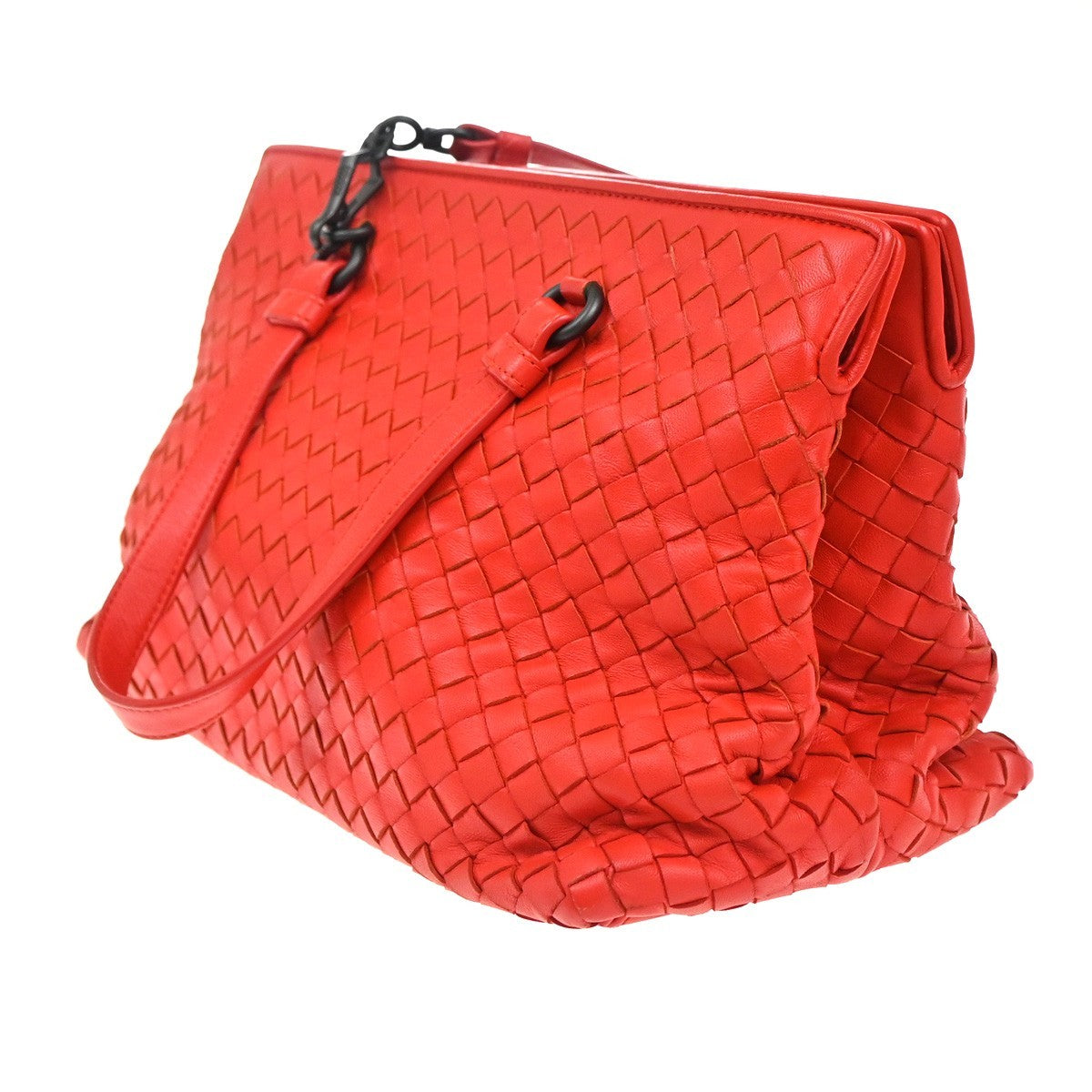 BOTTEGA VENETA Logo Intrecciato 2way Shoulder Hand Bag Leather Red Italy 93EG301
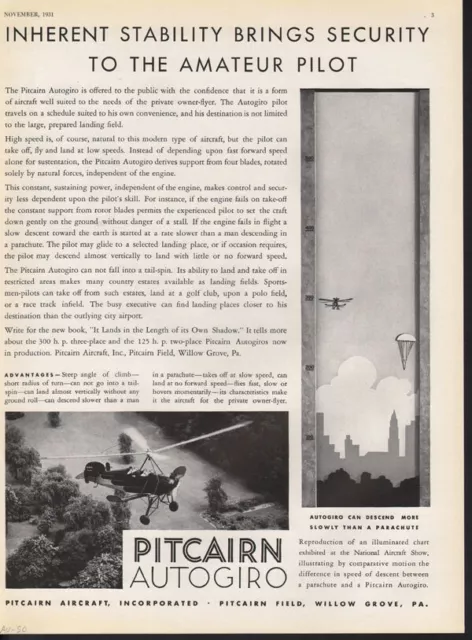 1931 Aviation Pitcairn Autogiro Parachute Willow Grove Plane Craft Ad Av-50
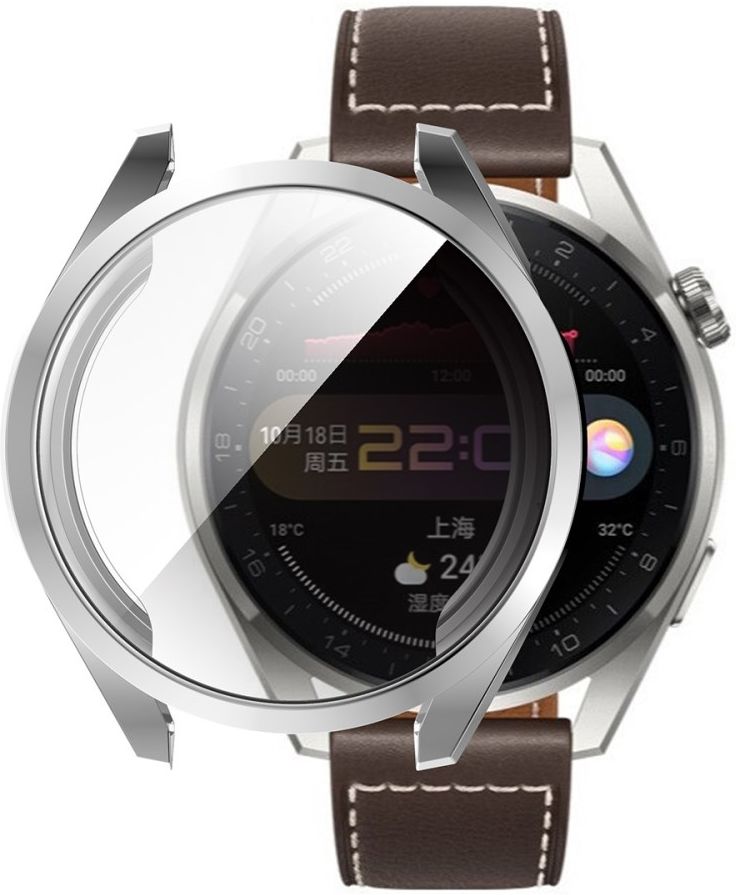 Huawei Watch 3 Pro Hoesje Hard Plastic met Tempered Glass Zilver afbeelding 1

**Problem to work on**
Word for word, quote the full listing, omitting every picture.

**Result**
 BOTTEGA VENETA Logo Intrecciato 2way Shoulder Hand Bag Leather Red Italy 93EG301
 1931 Aviation Pitcairn Autogiro Parachute Willow Grove Plane Craft Ad Av-50
 Huawei Watch 3 Pro Hoesje Hard Plastic met Tempered Glass Zilver afbeelding 1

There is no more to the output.